[<prev] [next>] [<thread-prev] [thread-next>] [day] [month] [year] [list]
Message-Id: <20110714115913.cf8d1b9d.kamezawa.hiroyu@jp.fujitsu.com>
Date: Thu, 14 Jul 2011 11:59:13 +0900
From: KAMEZAWA Hiroyuki <kamezawa.hiroyu@...fujitsu.com>
To: KAMEZAWA Hiroyuki <kamezawa.hiroyu@...fujitsu.com>
Cc: Michal Hocko <mhocko@...e.cz>, linux-mm@...ck.org,
Balbir Singh <bsingharora@...il.com>,
Daisuke Nishimura <nishimura@....nes.nec.co.jp>,
linux-kernel@...r.kernel.org
Subject: Re: [PATCH 1/2] memcg: make oom_lock 0 and 1 based rather than
coutner
On Thu, 14 Jul 2011 10:02:59 +0900
KAMEZAWA Hiroyuki <kamezawa.hiroyu@...fujitsu.com> wrote:
> On Wed, 13 Jul 2011 13:05:49 +0200
> Michal Hocko <mhocko@...e.cz> wrote:
>
> > 867578cb "memcg: fix oom kill behavior" introduced oom_lock counter
> > which is incremented by mem_cgroup_oom_lock when we are about to handle
> > memcg OOM situation. mem_cgroup_handle_oom falls back to a sleep if
> > oom_lock > 1 to prevent from multiple oom kills at the same time.

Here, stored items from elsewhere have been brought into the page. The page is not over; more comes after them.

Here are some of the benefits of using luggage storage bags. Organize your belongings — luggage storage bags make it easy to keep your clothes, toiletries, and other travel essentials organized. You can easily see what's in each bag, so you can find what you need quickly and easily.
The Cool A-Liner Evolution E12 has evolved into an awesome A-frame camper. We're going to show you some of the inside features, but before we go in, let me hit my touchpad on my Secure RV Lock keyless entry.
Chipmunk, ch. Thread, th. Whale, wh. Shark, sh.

> > The counter is then decremented by mem_cgroup_oom_unlock called from the
> > same function.
> >
> > This works correctly but it can lead to serious starvations when we
> > have many processes triggering OOM.
> >
> > Consider a process (call it A) which gets the oom_lock (the first one
> > that got to mem_cgroup_handle_oom and grabbed memcg_oom_mutex). All
> > other processes are blocked on the mutex.

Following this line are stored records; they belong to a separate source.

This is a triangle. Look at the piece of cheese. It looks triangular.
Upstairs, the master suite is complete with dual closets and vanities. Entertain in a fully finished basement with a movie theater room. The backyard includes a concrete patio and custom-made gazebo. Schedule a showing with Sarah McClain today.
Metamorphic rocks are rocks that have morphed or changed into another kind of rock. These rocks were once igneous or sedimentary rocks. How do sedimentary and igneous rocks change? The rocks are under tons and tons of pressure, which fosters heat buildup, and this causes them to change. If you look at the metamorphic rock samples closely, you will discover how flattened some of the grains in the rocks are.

> > While A releases the mutex and calls mem_cgroup_out_of_memory others
> > will wake up (one after another) and increase the counter and fall into
> > sleep (memcg_oom_waitq). Once A finishes mem_cgroup_out_of_memory it
> > takes the mutex again and decreases oom_lock and wakes other tasks (if
> > releasing memory of the killed task hasn't done it yet).
> > The main problem here is that everybody still race for the mutex and
> > there is no guarantee that we will get counter back to 0 for those
> > that got back to mem_cgroup_handle_oom. In the end the whole convoy
> > in/decreases the counter but we do not get to 1 that would enable
> > killing so nothing useful is going on.

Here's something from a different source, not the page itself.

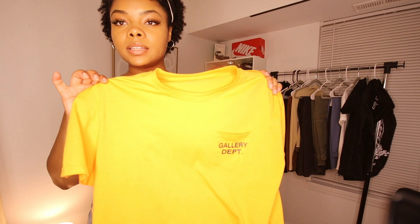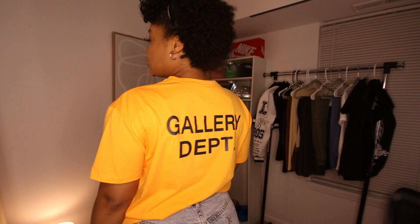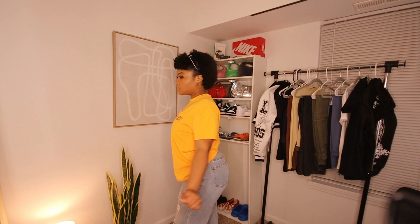Next is another t-shirt — I got it because I love the color, an orange I don't have anything like. It says 'Gallery Department' on the front and the back. The fit is a little different from the black shirt — not bad, just a different style. I still recommend it though, it's super cute. The color really pops out at you.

> > The time is basically unbounded because it highly depends on scheduling
> > and ordering on mutex.
> >
>
> Hmm, ok, I see the problem.
>
>
> > This patch replaces the counter by a simple {un}lock semantic. We are
> > using only 0 and 1 to distinguish those two states.
> > As mem_cgroup_oom_{un}lock works on the hierarchy we have to make sure
> > that we cannot race with somebody else which is already guaranteed
> > because we call both functions with the mutex held. All other consumers
> > just read the value atomically for a single group which is sufficient
> > because we set the value atomically.
> > The other thing is that only that process which locked the oom will
> > unlock it once the OOM is handled.
> >
> > Signed-off-by: Michal Hocko <mhocko@...e.cz>
> > ---
> > mm/memcontrol.c | 24 +++++++++++++++++-------
> > 1 files changed, 17 insertions(+), 7 deletions(-)
> >
> > diff --git a/mm/memcontrol.c b/mm/memcontrol.c
> > index e013b8e..f6c9ead 100644
> > --- a/mm/memcontrol.c
> > +++ b/mm/memcontrol.c
> > @@ -1803,22 +1803,31 @@ static int mem_cgroup_hierarchical_reclaim(struct mem_cgroup *root_mem,
> > /*
> > * Check OOM-Killer is already running under our hierarchy.
> > * If someone is running, return false.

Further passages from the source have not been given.